US Supreme Court rules that Fred Phelps has no right to hateful monument
In a decision handed down by the US Supreme Court, Westboro Baptist Church leader Fred Phelps has failed in an attempt to abuse the first amendment of the United States constitution in order to spread his vile and hateful gospel.
Phelps dearly wanted to contribute a statue of murder victim Matthew Shepard to a park in Casper, Wyoming featuring statues of historical significance. The inscription on the statue reads "Matthew Shepard Entered Hell October 12, 1998, in Defiance of God's Warning 'thou shalt not lie with mankind as with womankind; it is abomination.' Leviticus 18:22."

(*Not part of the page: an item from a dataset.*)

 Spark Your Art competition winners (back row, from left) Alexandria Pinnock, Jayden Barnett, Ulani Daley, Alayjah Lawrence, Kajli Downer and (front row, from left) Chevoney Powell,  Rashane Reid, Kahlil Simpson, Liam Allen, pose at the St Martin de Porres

Phelps' Shepard statue was rejected twice -- once in 2003 and again in 2007.
When it was rejected the second time Phelps apparently ran to the Supreme Court where he's discovered, to his dismay, that while the First Amendment guarantees freedom of religion, speech, expression and the press, it does not entitle one to display hate propaganda on public property.

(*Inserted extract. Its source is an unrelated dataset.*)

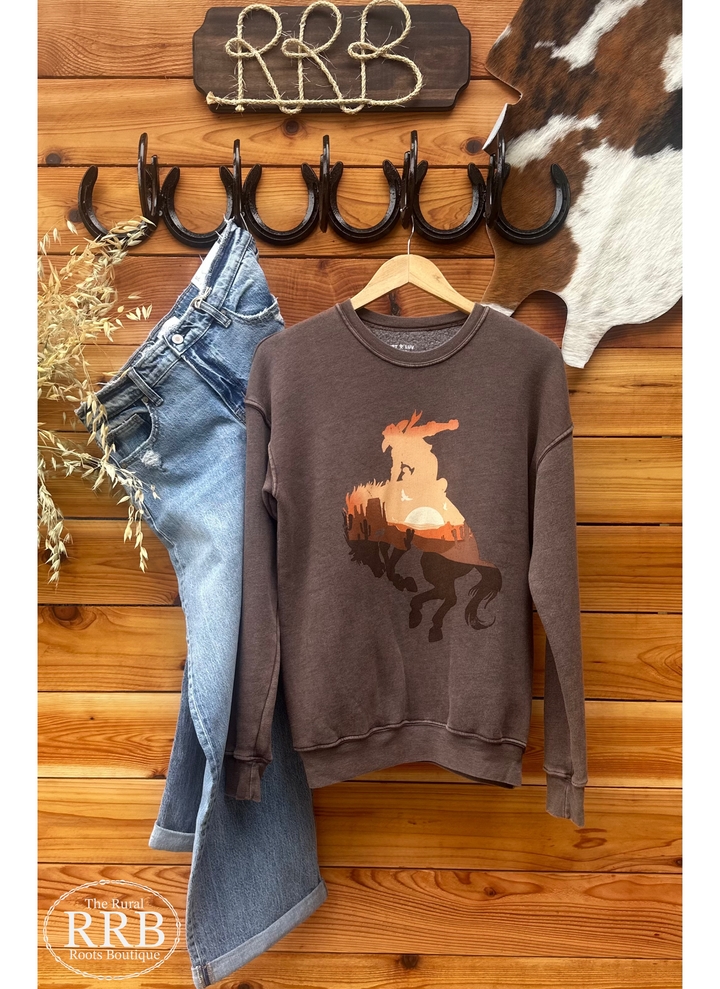 Embrace your inner cowboy with The Wild Cowboy Tee in mineral brown. This stylish shirt is perfect for a laid-back yet trendy look, available in sizes Small (3-5), Medium (6-8), Large (9-11), and X-Large (12-14). Pair it with your favorite jeans for a classic western vibe.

Phelps and his Westboro Baptist Church had previously picketed Shepard's funeral where thet waved signs reading "Matt in hell" and oh-so-classily harassed his grieving parents.
One can imagine that Phelps and the WBC will likely stage some kind of protest in order to voice their objections to the Supreme Court ruling, but one thing is for certain: very few people should care.
The state is not obligated to help Phelps disseminate his intolerance under the guise of free speech.